Terbukti dengan banyaknya orang tua murid yang turut andil mengantar anaknya ke sekolah sedari pagi.

Wakil Kepala Sekolah (Wakasek) Kesiswaan, SMPN 6 Banjarmasin, H.M Yustan Adli menerangkan bahwa, sebanyak 500 murid SMPN 6 dari kelas 7 dan 8, mengikuti PAS ini.

“Yang mengikuti PKK ini ada 2 Kelas. Kelas 7 jumlah siswanya 280 orang dan 9 rombongan belajar. Sedangkan kelas 8 jumlah siswanya 300 orang, dengan jumlah rombongan belajarnya 10,” ungkapnya kepada awak media.

Ia menjelaskan, pihaknya sudah menyiapkan sebanyak 20 ruang kelas, untuk pelaksanaan ujian secara tatap muka ini.

“Kami sudah menyiapkan 20 kelas, karena kapasitasnya dibagi 2. itu semua cukup untuk melaksanakan PAS tatap muka dengan kapasitas maksimal 50 persen per satu ruangan,” katanya.

Sama halnya di SMP Negeri 1, pelaksanaan PAS di SMP Negeri 6 Banjarmasin ini juga dibagi menjadi dua sesi. Pertama dari pukul 08.00 hingga 09.30 WITA khusus siswa kelas 7, kemudian dari pukul 10.30 sampai 12.00 WITA khusus siswa kelas 8.

“Pelaksanaan PAS ini kita bagi 2 sesi. Jadi ada jeda sekitar 1 jam nantinya untuk sterilisasi kelas juga,” beber Yustan.

Ditanya jika nantinya ada peserta didik yang tidak bisa melaksanakan ujian dikarenakan sakit atau diluar kota?

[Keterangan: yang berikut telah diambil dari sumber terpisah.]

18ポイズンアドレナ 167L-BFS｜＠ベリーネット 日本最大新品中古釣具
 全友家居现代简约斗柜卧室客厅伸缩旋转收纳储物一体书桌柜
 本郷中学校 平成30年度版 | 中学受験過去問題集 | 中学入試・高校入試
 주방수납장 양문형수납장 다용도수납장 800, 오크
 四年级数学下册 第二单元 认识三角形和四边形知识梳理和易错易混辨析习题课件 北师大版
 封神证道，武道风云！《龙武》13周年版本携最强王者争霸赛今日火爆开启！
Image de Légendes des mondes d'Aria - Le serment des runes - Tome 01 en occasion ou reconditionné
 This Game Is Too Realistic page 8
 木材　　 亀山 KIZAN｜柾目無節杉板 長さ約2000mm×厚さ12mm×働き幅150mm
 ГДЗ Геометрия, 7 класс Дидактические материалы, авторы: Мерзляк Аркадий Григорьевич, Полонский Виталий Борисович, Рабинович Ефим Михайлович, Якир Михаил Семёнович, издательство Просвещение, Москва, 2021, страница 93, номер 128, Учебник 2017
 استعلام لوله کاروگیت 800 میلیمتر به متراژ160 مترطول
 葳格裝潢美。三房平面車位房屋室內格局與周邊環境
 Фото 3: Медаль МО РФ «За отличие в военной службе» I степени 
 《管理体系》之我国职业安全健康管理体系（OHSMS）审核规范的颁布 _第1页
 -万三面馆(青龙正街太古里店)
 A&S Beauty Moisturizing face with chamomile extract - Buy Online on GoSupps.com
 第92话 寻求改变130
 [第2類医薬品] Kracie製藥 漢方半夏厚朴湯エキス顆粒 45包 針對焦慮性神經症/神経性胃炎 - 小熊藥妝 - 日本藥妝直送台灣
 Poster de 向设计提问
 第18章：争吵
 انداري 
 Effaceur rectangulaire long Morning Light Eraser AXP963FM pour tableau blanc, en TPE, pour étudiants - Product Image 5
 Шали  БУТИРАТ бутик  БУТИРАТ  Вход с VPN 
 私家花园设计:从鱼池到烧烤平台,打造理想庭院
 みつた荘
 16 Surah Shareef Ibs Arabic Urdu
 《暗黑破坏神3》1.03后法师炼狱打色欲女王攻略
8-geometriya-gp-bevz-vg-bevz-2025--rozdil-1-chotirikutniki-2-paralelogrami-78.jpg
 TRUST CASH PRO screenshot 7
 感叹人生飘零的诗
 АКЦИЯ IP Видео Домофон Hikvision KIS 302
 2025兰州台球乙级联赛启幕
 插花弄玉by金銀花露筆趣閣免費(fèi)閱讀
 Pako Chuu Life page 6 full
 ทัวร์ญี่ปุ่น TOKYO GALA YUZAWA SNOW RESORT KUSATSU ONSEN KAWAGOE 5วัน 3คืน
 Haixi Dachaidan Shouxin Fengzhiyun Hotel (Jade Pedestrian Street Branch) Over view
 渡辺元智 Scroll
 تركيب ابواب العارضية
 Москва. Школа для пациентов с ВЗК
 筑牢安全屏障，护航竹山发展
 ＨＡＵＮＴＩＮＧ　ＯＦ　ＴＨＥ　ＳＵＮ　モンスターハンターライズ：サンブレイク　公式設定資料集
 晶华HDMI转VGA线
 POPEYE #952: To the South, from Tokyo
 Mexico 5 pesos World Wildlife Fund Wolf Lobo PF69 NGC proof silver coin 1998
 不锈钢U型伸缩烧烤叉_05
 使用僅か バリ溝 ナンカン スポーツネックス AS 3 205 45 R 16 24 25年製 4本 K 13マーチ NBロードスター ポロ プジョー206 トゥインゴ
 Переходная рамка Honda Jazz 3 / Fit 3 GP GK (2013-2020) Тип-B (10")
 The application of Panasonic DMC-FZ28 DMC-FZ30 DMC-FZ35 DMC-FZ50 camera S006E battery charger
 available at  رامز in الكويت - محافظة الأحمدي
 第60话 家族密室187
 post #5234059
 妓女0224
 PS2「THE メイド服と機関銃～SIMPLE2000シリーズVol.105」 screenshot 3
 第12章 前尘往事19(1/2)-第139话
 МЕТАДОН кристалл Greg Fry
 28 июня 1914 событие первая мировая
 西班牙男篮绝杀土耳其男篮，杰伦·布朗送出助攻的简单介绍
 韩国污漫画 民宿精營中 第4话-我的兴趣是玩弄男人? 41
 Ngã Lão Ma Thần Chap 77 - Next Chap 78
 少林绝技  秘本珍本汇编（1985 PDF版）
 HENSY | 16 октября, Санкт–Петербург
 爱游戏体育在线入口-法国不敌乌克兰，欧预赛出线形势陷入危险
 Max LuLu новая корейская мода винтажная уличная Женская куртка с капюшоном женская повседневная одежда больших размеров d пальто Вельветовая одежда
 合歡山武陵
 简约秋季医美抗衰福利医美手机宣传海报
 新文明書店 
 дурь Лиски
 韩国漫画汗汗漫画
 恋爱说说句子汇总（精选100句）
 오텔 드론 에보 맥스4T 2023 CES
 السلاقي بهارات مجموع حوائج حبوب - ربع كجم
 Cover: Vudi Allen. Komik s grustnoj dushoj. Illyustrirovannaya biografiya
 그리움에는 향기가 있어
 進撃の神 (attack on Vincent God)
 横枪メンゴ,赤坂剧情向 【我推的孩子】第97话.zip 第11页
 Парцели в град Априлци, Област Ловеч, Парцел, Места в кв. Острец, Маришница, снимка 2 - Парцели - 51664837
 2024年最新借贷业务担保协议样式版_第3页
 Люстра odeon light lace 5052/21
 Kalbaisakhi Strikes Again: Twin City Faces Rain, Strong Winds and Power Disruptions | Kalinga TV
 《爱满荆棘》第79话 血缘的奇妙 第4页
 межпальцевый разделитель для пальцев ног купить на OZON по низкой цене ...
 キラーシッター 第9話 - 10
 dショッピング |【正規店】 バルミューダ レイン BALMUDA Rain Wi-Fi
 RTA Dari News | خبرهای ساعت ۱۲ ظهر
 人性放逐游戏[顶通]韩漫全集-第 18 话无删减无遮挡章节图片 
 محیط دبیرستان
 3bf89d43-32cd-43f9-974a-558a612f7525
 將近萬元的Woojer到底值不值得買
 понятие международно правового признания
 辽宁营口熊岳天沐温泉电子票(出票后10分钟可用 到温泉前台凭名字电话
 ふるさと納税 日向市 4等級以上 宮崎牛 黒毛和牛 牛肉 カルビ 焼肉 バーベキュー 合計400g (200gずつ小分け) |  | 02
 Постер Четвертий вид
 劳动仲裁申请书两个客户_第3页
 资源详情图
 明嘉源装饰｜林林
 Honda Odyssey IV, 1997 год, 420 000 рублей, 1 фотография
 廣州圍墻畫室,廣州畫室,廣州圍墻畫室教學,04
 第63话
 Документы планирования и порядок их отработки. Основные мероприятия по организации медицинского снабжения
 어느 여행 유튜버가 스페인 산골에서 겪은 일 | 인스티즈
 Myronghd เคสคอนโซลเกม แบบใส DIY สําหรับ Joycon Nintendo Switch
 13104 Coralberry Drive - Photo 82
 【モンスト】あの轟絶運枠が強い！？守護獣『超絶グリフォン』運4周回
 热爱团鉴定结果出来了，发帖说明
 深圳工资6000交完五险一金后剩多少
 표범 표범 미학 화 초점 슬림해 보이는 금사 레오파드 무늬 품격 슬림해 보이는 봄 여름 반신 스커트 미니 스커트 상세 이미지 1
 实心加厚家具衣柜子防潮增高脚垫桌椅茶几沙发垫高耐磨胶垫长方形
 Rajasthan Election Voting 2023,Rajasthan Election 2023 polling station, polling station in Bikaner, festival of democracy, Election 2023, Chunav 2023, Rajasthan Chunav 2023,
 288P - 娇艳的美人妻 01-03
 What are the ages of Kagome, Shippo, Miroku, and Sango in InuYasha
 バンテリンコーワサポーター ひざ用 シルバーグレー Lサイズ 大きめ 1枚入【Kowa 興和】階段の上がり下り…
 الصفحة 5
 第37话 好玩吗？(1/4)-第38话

Menyikapi itu Yustan mengaku pihaknya sudah menyiapkan sistem ujian secara susulan ataupun Dalam Jaringan (Daring).

“Siswa yang tidak bisa berhadir karena halangan seperti sakit dan di luar kota, kita bisa fasilitasi. Pertama kita jadwalkan panitia untuk PAS tatap muka di sekolah. Kedua kita fasilitasi yakni secara online. Jadi tidak ada masalah siswa untuk tidak mengikuti PAS ini,” tuturnya.

Dalam pelaksanaan PAS di SMPN 6 Banjarmasin, pihaknya menerapkan Protokol Kesehatan (Prokes) ketat. Mulai dari pemeriksaan suhu tubuh dengan thermo gun di pintu masuk sekolah. (SU)

 323 kali dilihat,  1 kali dilihat hari ini

Tinggalkan Komentar

Situs ini menggunakan Akismet untuk mengurangi spam. Pelajari bagaimana data komentar anda diproses.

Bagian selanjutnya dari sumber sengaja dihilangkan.